» **Problem statement**
Give back an exact copy of the lines in the records below, from the line that has "CARBONE PER BARBECUE KG.3" through the line that has "Photo Turbocompresseur, suralimentation", and nothing besides.

Supplied records Block Start

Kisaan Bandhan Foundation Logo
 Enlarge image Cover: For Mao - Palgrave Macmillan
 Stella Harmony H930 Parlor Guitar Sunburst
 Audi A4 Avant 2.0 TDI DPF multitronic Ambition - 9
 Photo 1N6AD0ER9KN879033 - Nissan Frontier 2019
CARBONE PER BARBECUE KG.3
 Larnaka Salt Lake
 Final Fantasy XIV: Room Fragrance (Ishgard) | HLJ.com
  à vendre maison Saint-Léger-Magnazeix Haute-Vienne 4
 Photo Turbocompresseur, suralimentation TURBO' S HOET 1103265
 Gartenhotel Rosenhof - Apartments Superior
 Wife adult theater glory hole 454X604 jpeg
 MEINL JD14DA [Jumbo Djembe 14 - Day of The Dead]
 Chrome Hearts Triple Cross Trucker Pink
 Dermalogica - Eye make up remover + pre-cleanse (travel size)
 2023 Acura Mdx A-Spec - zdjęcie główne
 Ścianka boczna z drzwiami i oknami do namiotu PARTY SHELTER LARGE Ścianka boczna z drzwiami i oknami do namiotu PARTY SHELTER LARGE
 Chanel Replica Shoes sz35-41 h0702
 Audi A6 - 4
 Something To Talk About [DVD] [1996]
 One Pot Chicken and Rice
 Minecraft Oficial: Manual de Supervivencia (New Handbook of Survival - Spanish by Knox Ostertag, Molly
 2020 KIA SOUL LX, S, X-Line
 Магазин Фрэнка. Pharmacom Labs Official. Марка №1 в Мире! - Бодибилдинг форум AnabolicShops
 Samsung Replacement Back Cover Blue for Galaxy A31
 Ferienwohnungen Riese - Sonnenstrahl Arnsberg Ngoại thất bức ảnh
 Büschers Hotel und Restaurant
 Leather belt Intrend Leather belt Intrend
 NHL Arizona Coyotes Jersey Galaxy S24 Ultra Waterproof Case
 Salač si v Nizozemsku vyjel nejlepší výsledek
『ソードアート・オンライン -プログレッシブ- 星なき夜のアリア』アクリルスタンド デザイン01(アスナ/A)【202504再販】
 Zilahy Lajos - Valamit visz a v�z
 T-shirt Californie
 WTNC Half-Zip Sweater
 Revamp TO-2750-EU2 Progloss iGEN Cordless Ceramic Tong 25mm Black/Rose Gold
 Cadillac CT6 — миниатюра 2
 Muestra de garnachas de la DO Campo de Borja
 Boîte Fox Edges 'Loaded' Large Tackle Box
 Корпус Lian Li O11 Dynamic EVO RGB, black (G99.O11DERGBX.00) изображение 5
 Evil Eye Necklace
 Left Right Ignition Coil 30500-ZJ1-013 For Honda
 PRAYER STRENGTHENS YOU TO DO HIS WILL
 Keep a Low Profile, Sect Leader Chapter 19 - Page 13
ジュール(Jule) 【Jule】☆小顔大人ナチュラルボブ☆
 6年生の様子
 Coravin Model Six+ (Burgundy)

Supplied records Block End

» **Problem solution**
CARBONE PER BARBECUE KG.3
 Larnaka Salt Lake
 Final Fantasy XIV: Room Fragrance (Ishgard) | HLJ.com
  à vendre maison Saint-Léger-Magnazeix Haute-Vienne 4
 Photo Turbocompresseur, suralimentation TURBO' S HOET 1103265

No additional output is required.